Example 10: Crystallization of the compound of formula MC03 with methane sulfonic acid in an ester solvent

34.0 g of compound MC03 (crude product with Gardner Index of 10.7 and 95.4 % purity) were dissolved in 63.0 g of ethyl propionate and 0.7 g of toluene at 65 °C. Cooled to temperature of 46 °C followed by the addition of 0.385 g of methane sulfonic acid dissolved in 2.0 g of ethyl propionate through a funnel and subsequently rinsing the funnel with 1.0 g of ethyl propionate. After seeding the mixture with 0.18 g of MC03 crystals the cooling temperature was reduced to 40 °C during 3 hours, then to 20 °C during 5 hours and finally to 0 °C during 4 hours resulting in a temperature of 5 °C in the final mixture. Cooling temperature of 5 °C was maintained for 0.5 hours.
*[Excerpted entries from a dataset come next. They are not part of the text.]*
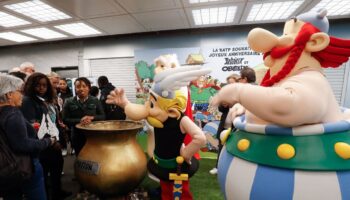 Dans une station du métro parisien à l'occasion du 60ème anniversaire de la création d'Astérix, le 9 octobre 2019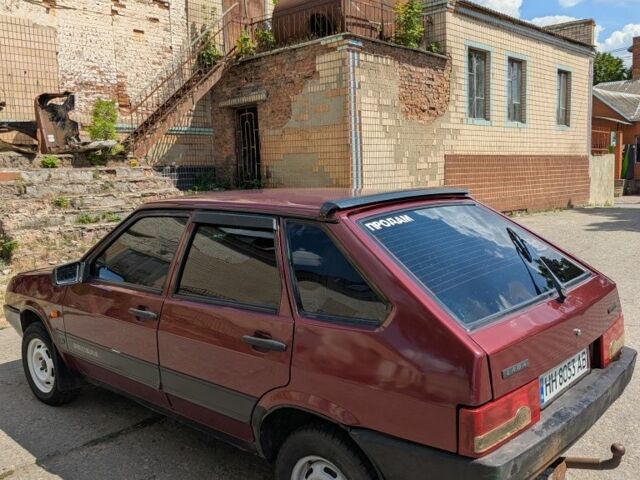 Красный ВАЗ 2109, объемом двигателя 1.5 л и пробегом 14 тыс. км за 1550 $, фото 3 на Automoto.ua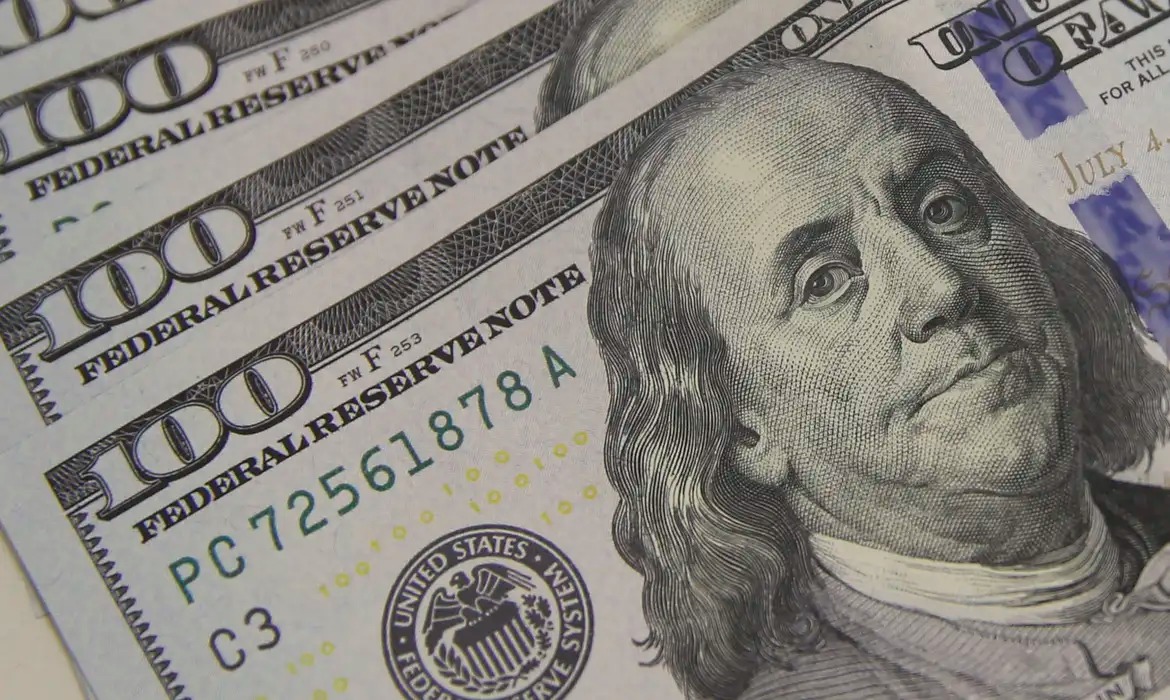 Dólar cai com alta do petróleo, apesar da aversão ao risco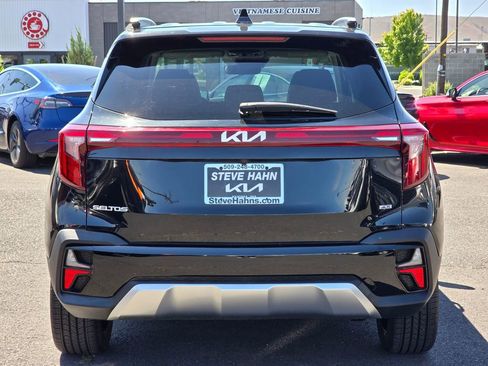 Used 2024 Kia Seltos SX w/ SX Sunroof Package AWD/4WD image 4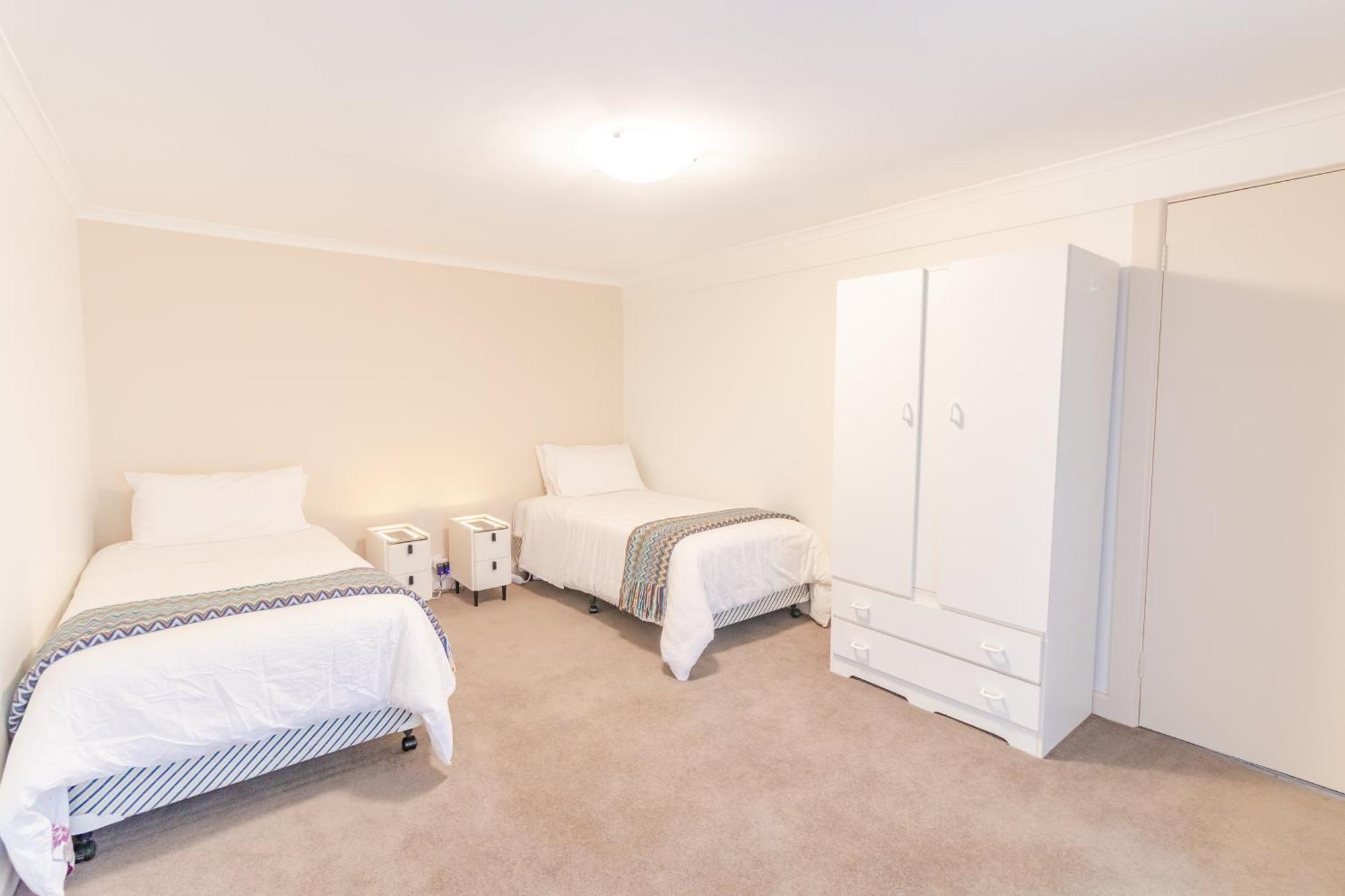 Warburton Lodge Bagian luar foto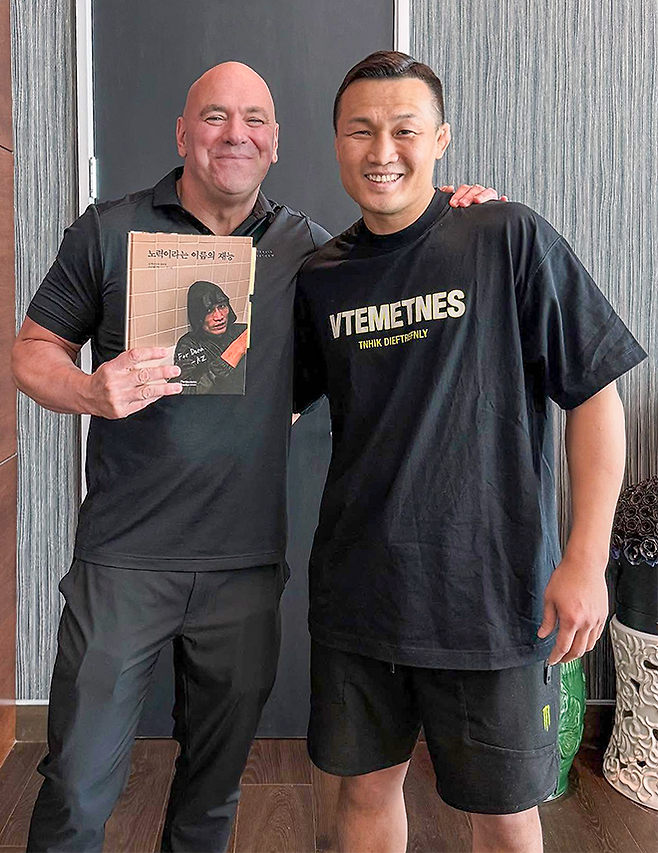 데이나 화이트 UFC 회장이 2025년 9월 미국 네바다주 Contender Series 시즌9 6주차 오디션 개최를 앞두고 찾아온 ‘코리안 좀비’ 정찬성과 기념 촬영을 하고 있다. 정찬성은 UFC 활동 기간 부인이 직접 찍은 사진으로 만든 화보를 선물했다. 이미지@koreanzombiemma
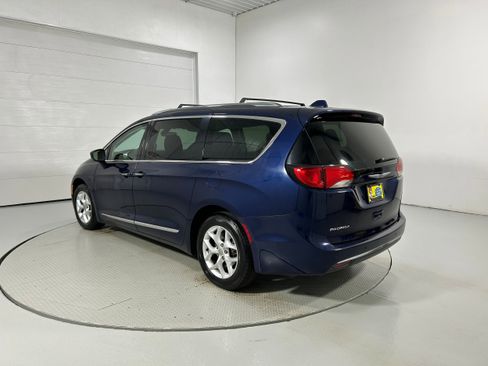 Used 2020 Chrysler Pacifica Touring-L w/ Tire & Wheel Group image 22
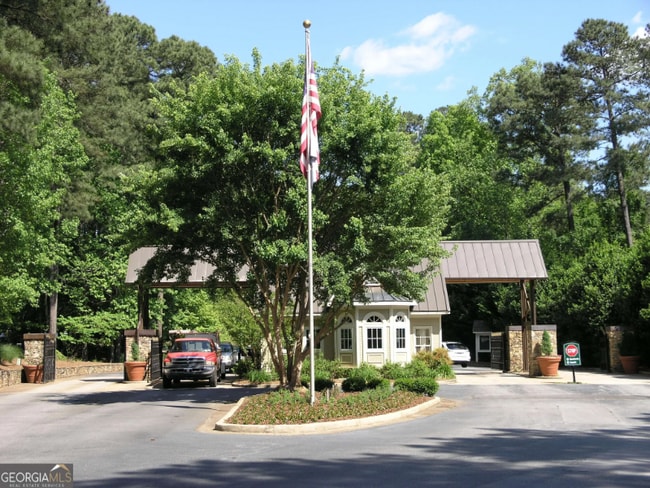 Building Photo - 1121 Surrey Ln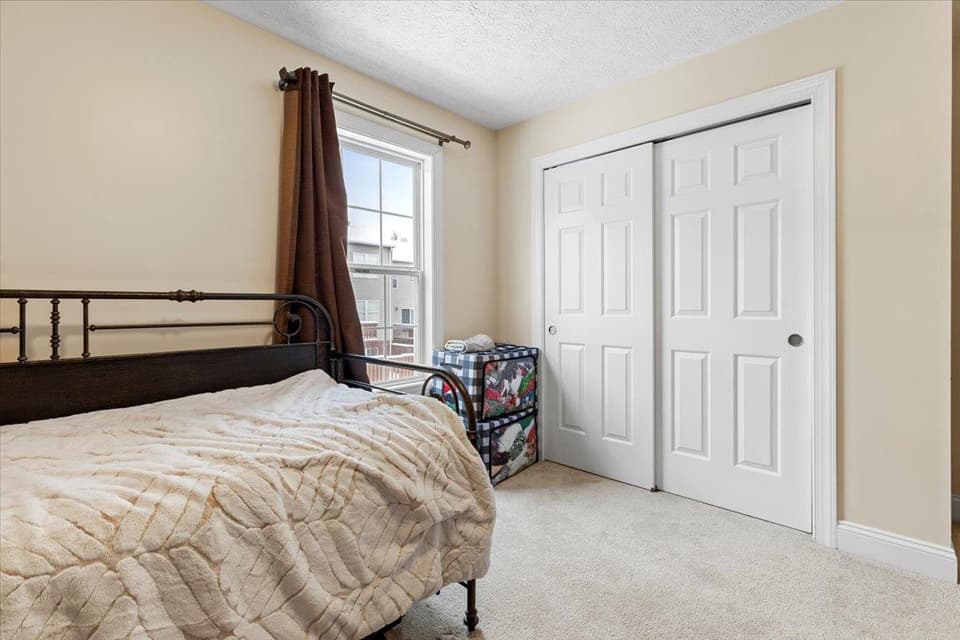 910 Oak Tree Boulevard, photo 23 of 40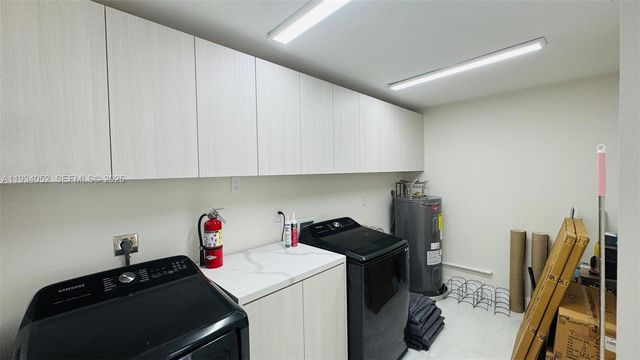 1045 Hollywood Blvd, Hollywood, FL 33019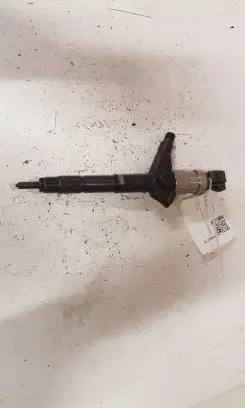 Nissan Pathfinder R51 Fuel injector 16600AU600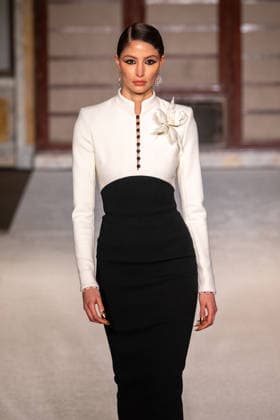 Sergio Hudson - Runway - February 2026 New York Fashion Week (NEW) Sergio Hudson - Runway - February 2026 New York Fashion Week. February 13, 2026, New York, New York, USA: A model walks the runway for the Sergio Hudson fashion show during the New York Fashion Week at the New York Public Library on February 13, 2026 in New York City. (Credit: M10s TheNews2) (Foto: M10s Thenews2 imago images) Sergio Hudson - Runway - February 2026 New York Fashion Week  Copyright: xRonxAdarx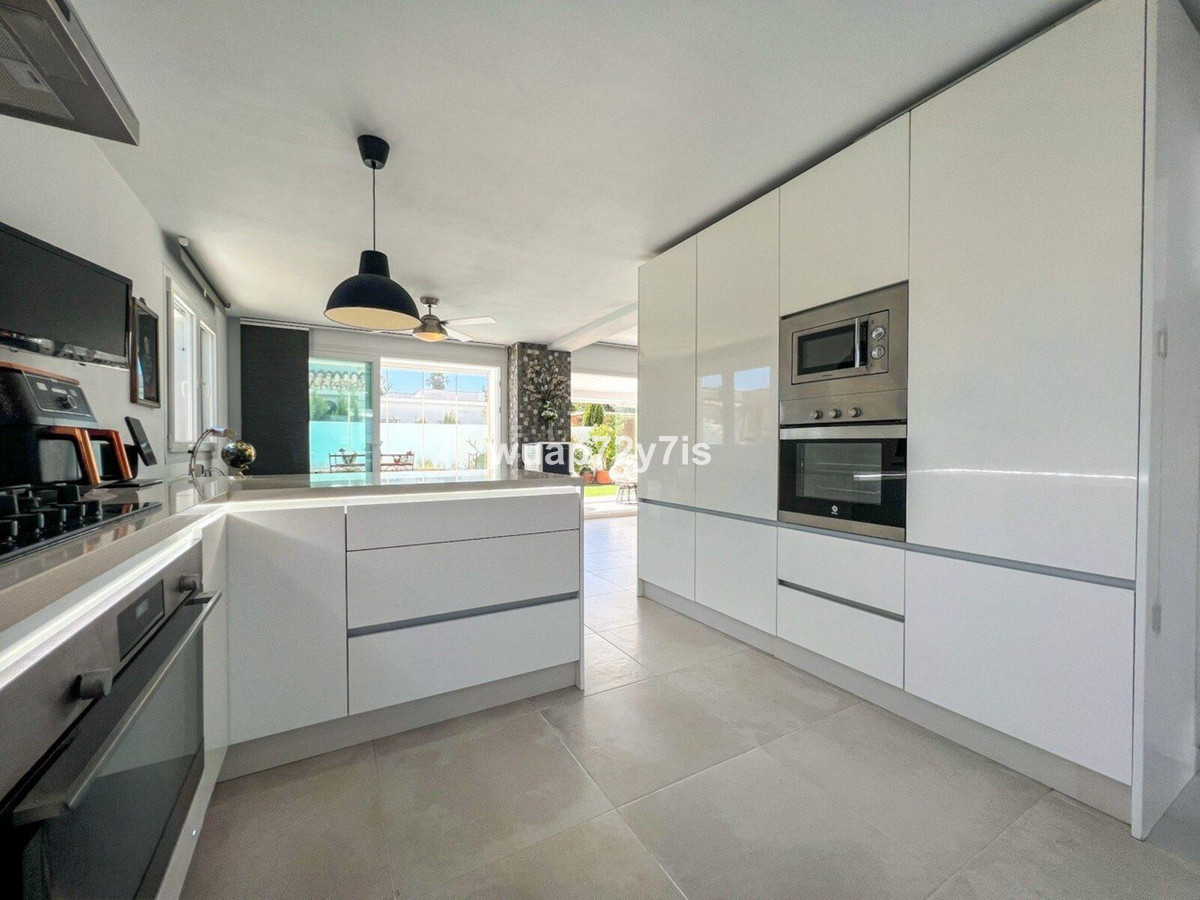 011ac8c3b0a3a7233134a618ecb4ab4c - 13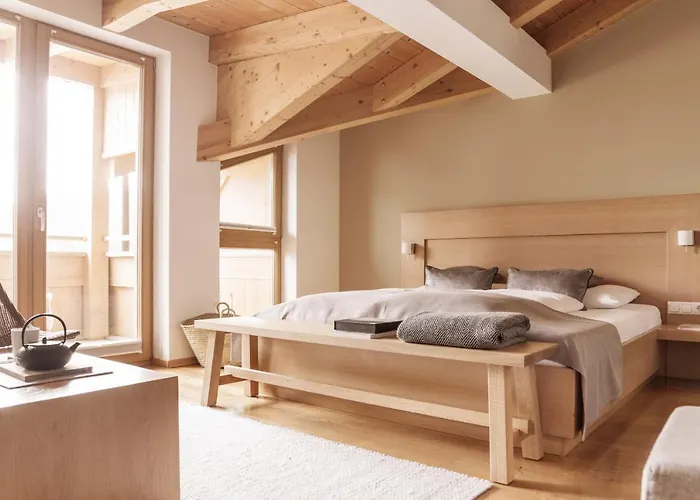 Gebhard Boutique فس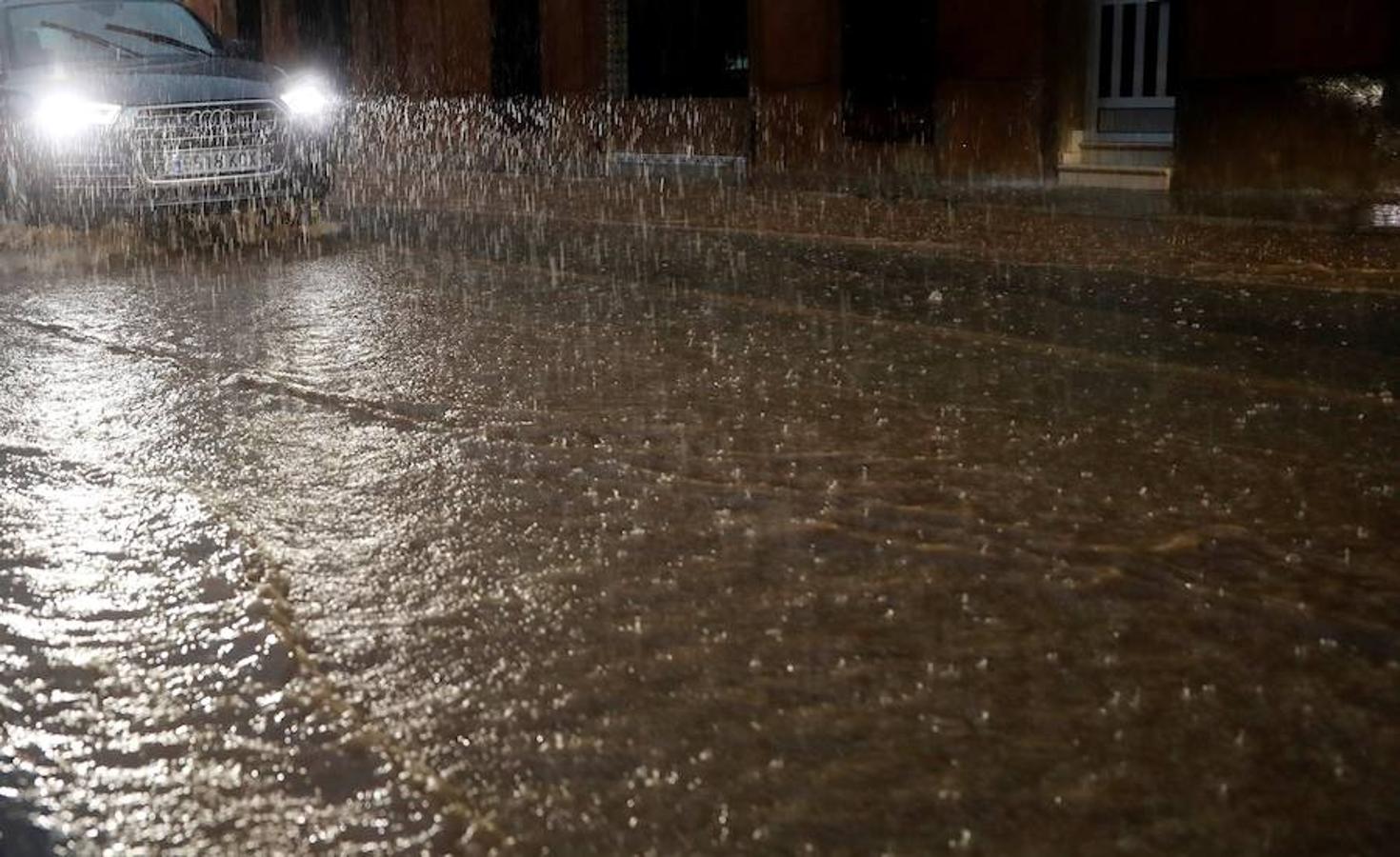 La ciudad de Valencia, inundada por la gota fría.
The crystals were then isolated by filtration using a Buchner funnel equipped with filter paper and the mother liquor was suctioned off. The filter cake was then rinsed with 40.0 g of the mother liquor (temperature of the washing liquor was 9 °C). Thereafter 30.0 g of cooled ethyl propionate (the temperature of the washing liquor was 9 °C) were added, the cake was re- slurried in the washing liquid by using a spatula and the washing liquor was suctioned off.

Finally, the crystals were rinsed with 30.0 g of cooled ethyl propionate. The crystals were then dried in a vacuum oven at 85 °C and 20 mbar for 16 hours yielding 27.7 g (84.9 % yield) of the pure product. Gardner Index: 2.7, % T 460nm: 97.5, purity: 98.0 %.

Example 1 1 : Crystallization of the compound of formula MC03 with methane sulfonic acid in an alcohol solvent

30.0 g of compound MC03 (crude product with Gardner Index of 10.7 and 95.4 % purity) were dissolved in 70.0 g of 1-methoxy-2-propanol at 60 °C. Cooled to temperature of 36 °C followed by the addition of 0.36 g of methane sulfonic acid and 0.16 g of MC03 crystals for seeding. The cooling temperature was lowered to 7 °C during 9.7 hours, resulting in a temperature of 10 °C in the final mixture. Cooling temperature of 7 °C was maintained for 0.5 hours. The crystals were then isolated by filtration using a Buchner funnel equipped with filter paper and the mother liquor was suctioned off. The filter cake was then rinsed with 30.0 g of cooled 1-methoxy-2-propanol (temperature of the washing liquor was 14 °C). Thereafter 30.0 g of cooled 1-methoxy-2- propanol (the temperature of the washing liquor was 14 °C) were added, the cake was re- slurried in the washing liquid by using a spatula and the washing liquor was suctioned off. Finally, the crystals were rinsed with 30.0 g of cooled 1-methoxy-2-propanol. The crystals were then dried in a vacuum oven at 85 °C and 20 mbar for 16 hours yielding 12.0 g (41.5 % yield) of the pure product. Gardner Index: 2.8, % T 460nm: 97.4.

Comparison of the color properties, the transmission at 460 nm, and the purity of the crystallized merocyanine compounds according to the present invention (Examples 1-1 1) with a reference merocyanine crystallized without the presence of an acid (Comparative Example) are listed in Table C:

The crystallized merocyanine compound in Comparative Example, which was crystallized in an organic, polar solvent without the presence of an acid displays significantly higher yellowing properties described in a high Gardner Index above 5 and a low % transmission value at 460 nm below 10. In contrast hereto the merocyanine compounds in Examples 1 to 1 1 , which were crystallized according to the present invention in the presence of an acid, display significantly better color properties expressed in low Gardner Indices below 3.2 and high % transmission values at 460 nm higher than 90 %.